--- TASK GOAL ---
Transcribe the records below exactly as they appear, omitting any pictures.

Segment Open

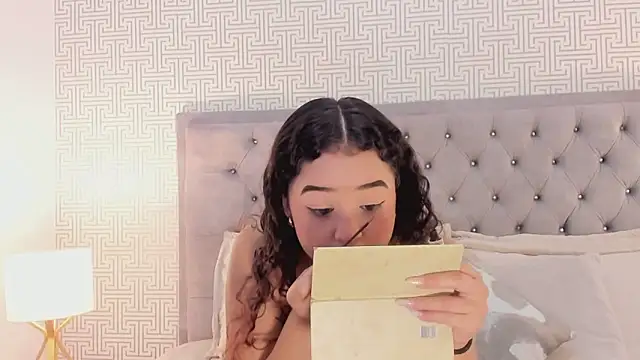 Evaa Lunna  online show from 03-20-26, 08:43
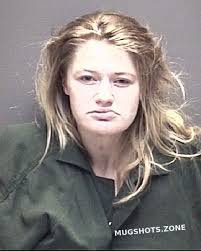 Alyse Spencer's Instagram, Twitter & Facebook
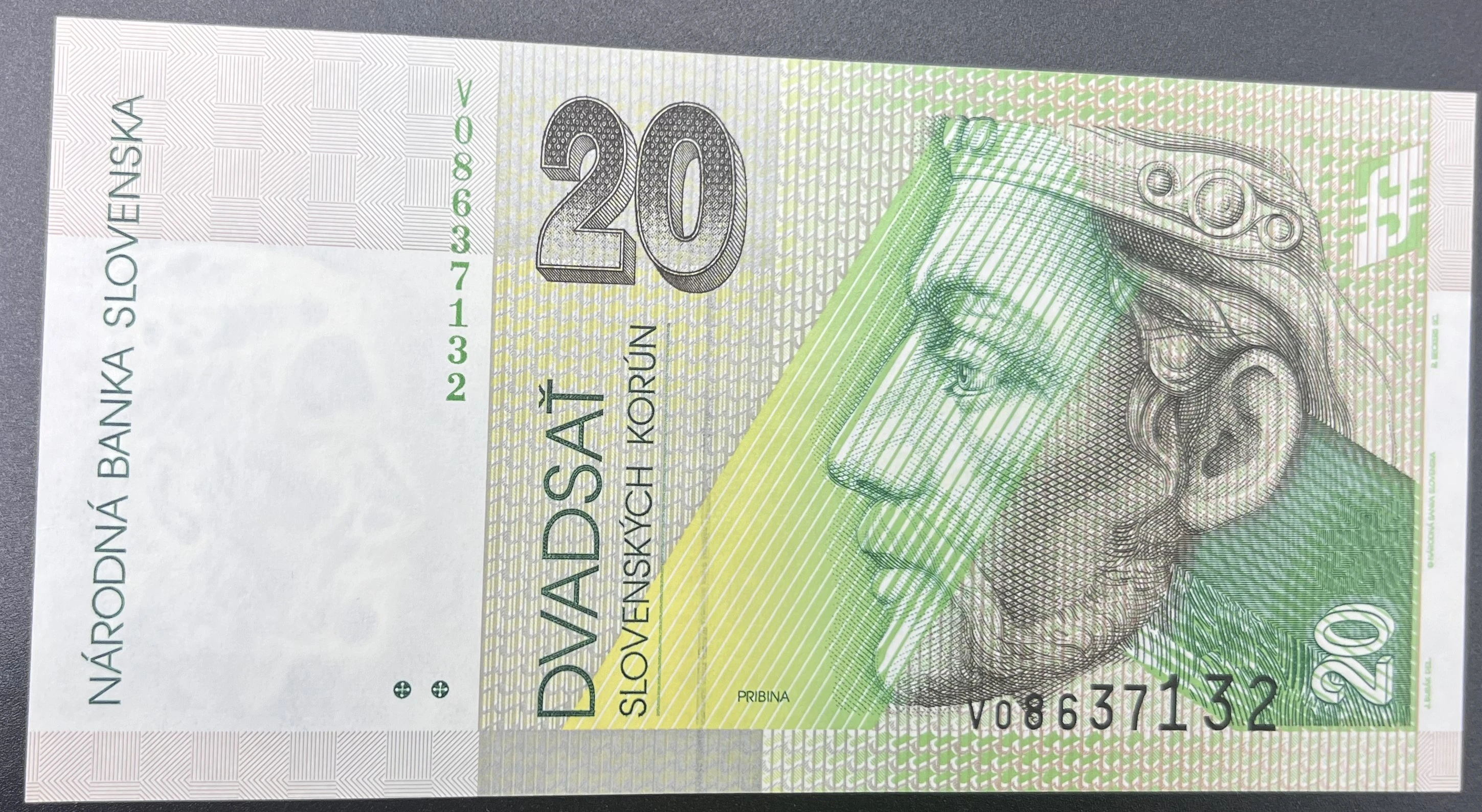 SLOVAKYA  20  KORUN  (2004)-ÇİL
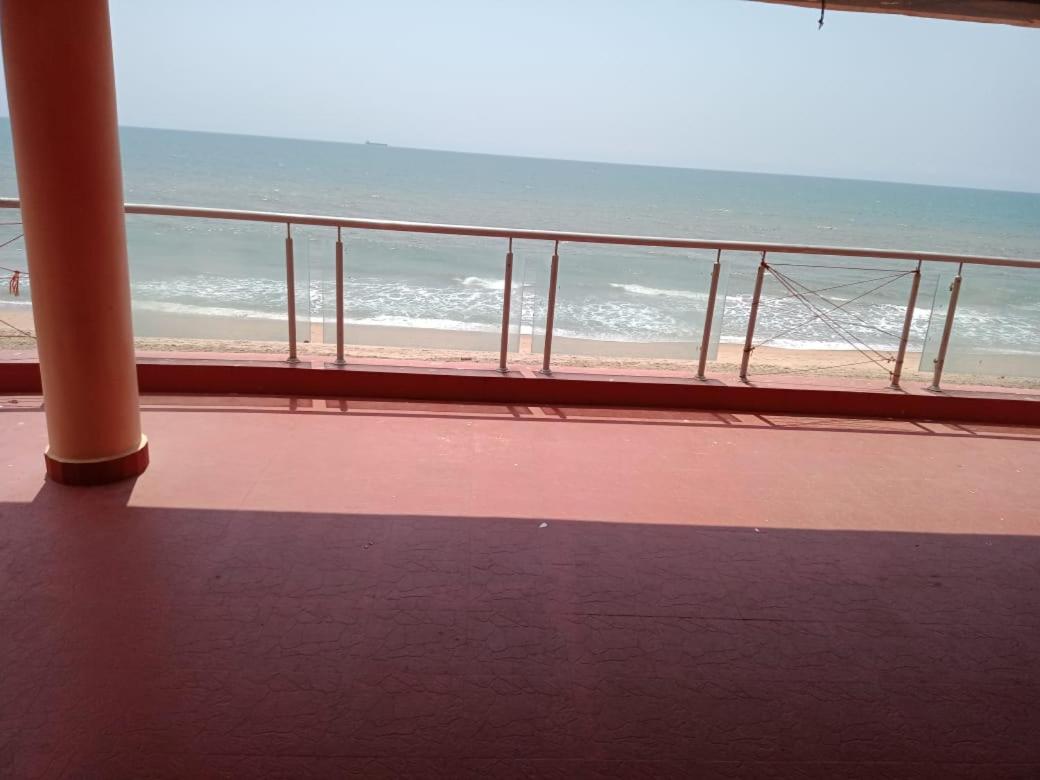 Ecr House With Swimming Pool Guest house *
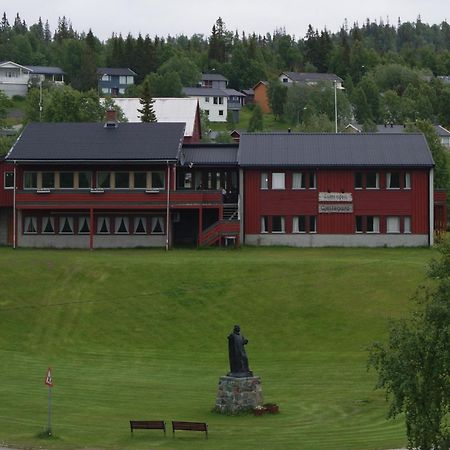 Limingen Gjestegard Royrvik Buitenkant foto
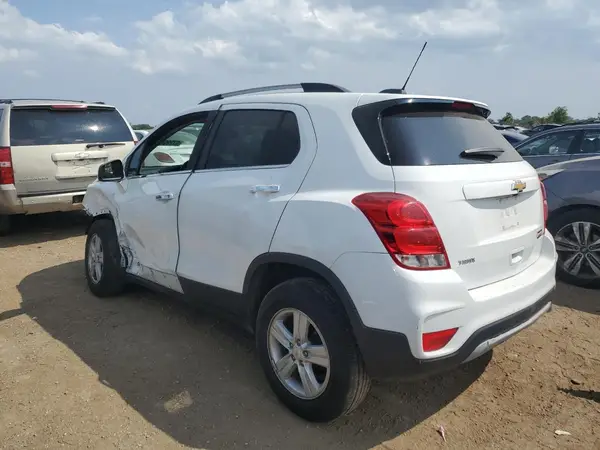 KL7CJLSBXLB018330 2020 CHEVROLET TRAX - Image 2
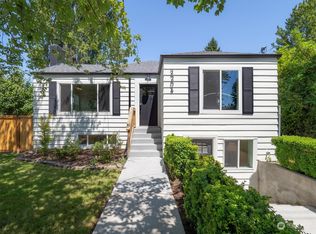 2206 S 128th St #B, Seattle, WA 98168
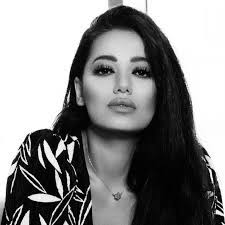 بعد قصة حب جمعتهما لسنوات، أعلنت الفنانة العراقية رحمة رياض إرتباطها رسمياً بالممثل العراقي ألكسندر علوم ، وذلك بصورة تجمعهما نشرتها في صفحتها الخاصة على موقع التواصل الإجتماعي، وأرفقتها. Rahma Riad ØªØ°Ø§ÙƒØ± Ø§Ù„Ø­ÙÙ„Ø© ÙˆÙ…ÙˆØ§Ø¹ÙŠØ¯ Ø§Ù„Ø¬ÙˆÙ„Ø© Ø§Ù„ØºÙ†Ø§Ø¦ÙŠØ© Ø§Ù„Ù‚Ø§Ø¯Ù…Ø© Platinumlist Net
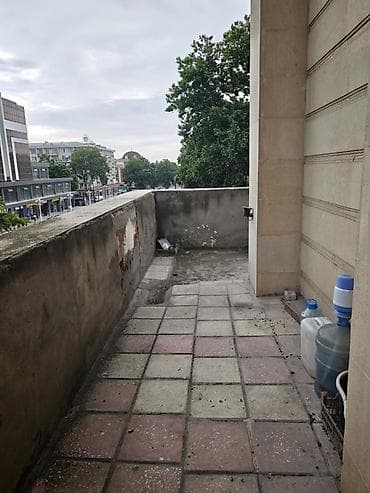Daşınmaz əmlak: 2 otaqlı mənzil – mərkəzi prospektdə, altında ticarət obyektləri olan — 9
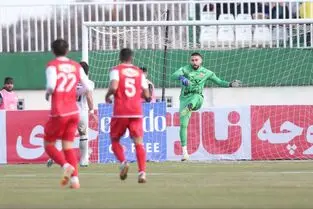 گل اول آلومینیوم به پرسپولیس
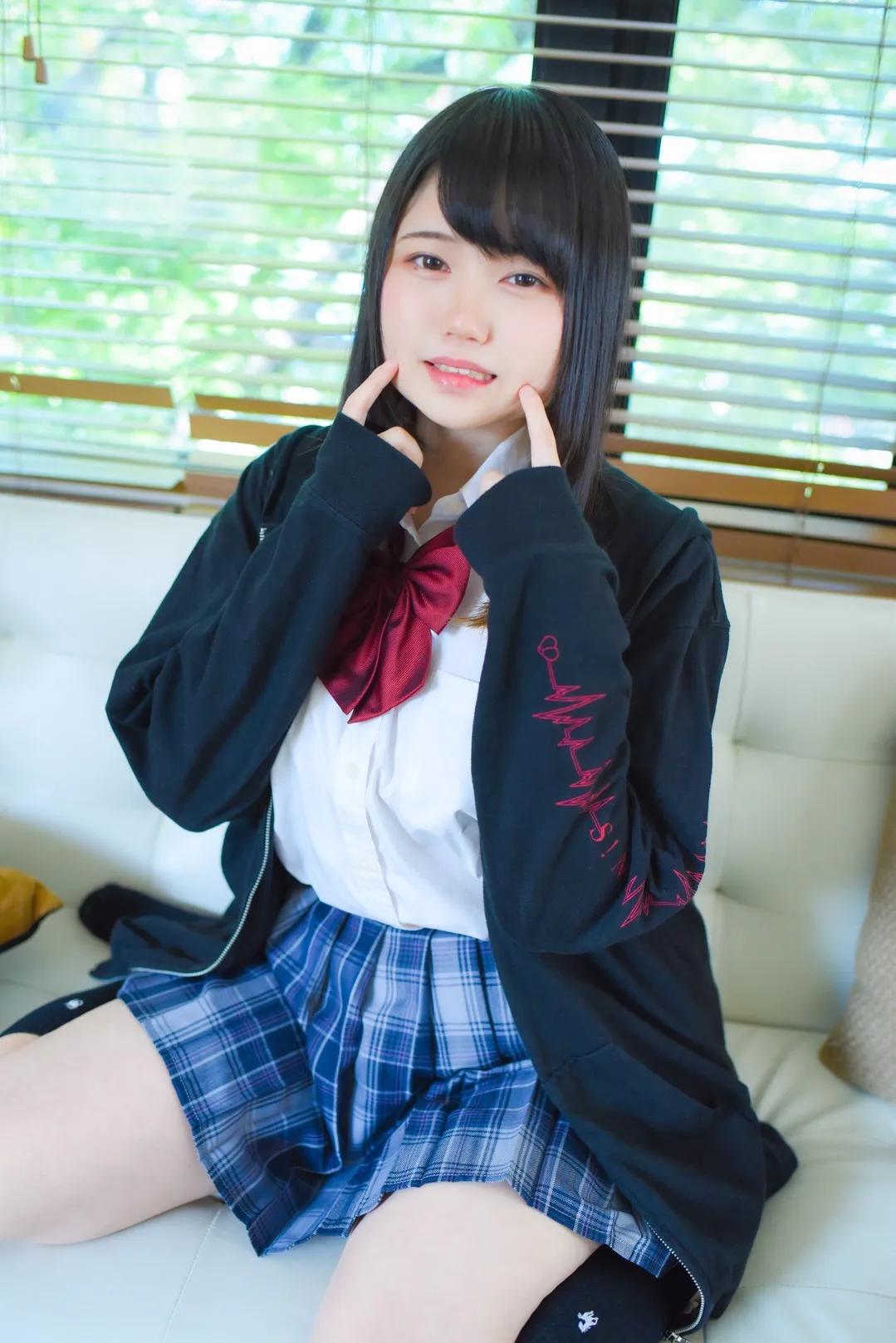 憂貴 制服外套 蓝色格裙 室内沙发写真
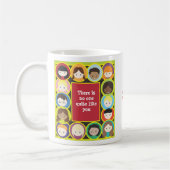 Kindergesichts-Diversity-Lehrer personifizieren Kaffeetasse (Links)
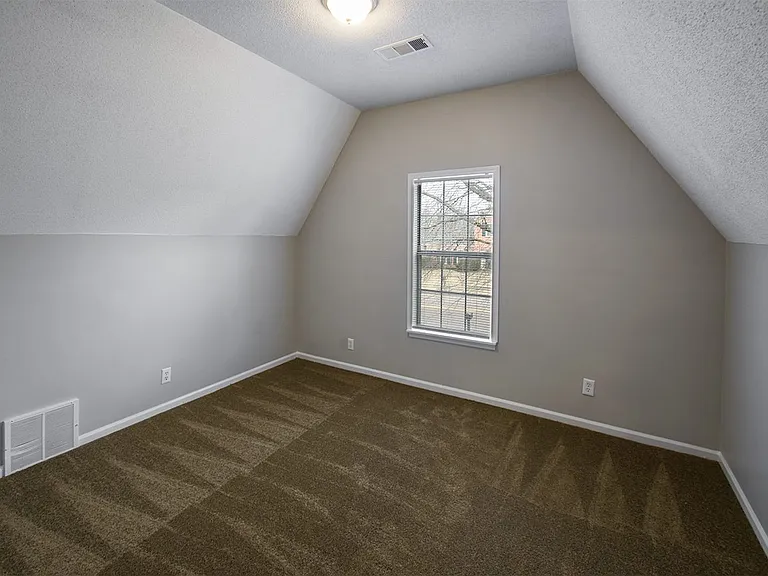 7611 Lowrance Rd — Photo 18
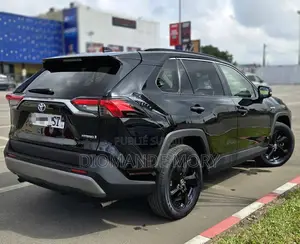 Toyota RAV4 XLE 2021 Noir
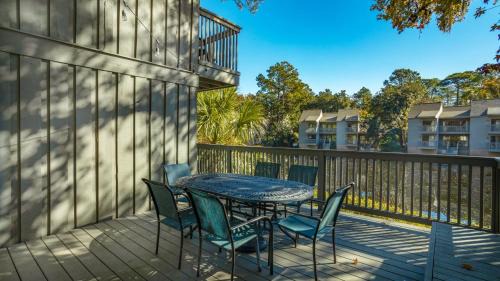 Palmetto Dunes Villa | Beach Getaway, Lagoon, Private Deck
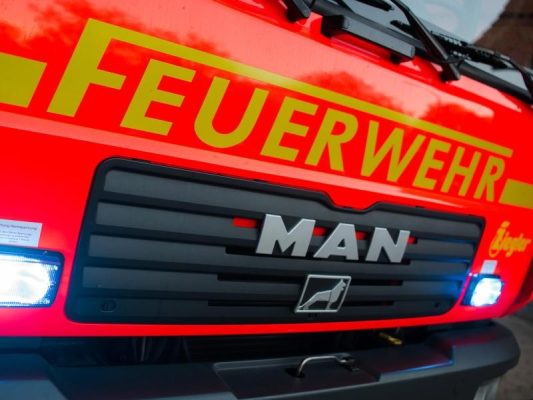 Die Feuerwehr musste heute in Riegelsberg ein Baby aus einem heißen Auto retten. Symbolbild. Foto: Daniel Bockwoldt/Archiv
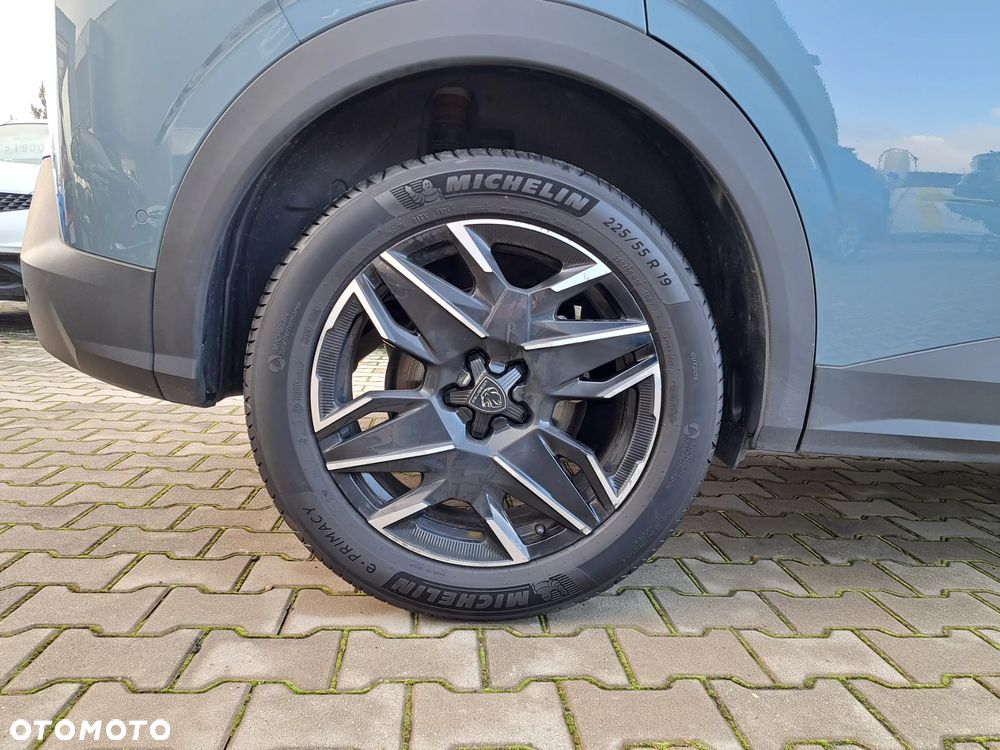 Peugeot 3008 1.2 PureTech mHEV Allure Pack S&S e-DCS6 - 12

Segment Closed

--- RESULT BELOW ---
 Evaa Lunna  online show from 03-20-26, 08:43
 Alyse Spencer's Instagram, Twitter & Facebook
 SLOVAKYA  20  KORUN  (2004)-ÇİL
 Ecr House With Swimming Pool Guest house *
 Limingen Gjestegard Royrvik Buitenkant foto
 KL7CJLSBXLB018330 2020 CHEVROLET TRAX - Image 2
 2206 S 128th St #B, Seattle, WA 98168
 بعد قصة حب جمعتهما لسنوات، أعلنت الفنانة العراقية رحمة رياض إرتباطها رسمياً بالممثل العراقي ألكسندر علوم ، وذلك بصورة تجمعهما نشرتها في صفحتها الخاصة على موقع التواصل الإجتماعي، وأرفقتها. Rahma Riad ØªØ°Ø§ÙƒØ± Ø§Ù„Ø­ÙÙ„Ø© ÙˆÙ…ÙˆØ§Ø¹ÙŠØ¯ Ø§Ù„Ø¬ÙˆÙ„Ø© Ø§Ù„ØºÙ†Ø§Ø¦ÙŠØ© Ø§Ù„Ù‚Ø§Ø¯Ù…Ø© Platinumlist Net
Daşınmaz əmlak: 2 otaqlı mənzil – mərkəzi prospektdə, altında ticarət obyektləri olan — 9
 گل اول آلومینیوم به پرسپولیس
 憂貴 制服外套 蓝色格裙 室内沙发写真
 Kindergesichts-Diversity-Lehrer personifizieren Kaffeetasse (Links)
 7611 Lowrance Rd — Photo 18
 Toyota RAV4 XLE 2021 Noir
 Palmetto Dunes Villa | Beach Getaway, Lagoon, Private Deck
 Die Feuerwehr musste heute in Riegelsberg ein Baby aus einem heißen Auto retten. Symbolbild. Foto: Daniel Bockwoldt/Archiv
 Peugeot 3008 1.2 PureTech mHEV Allure Pack S&S e-DCS6 - 12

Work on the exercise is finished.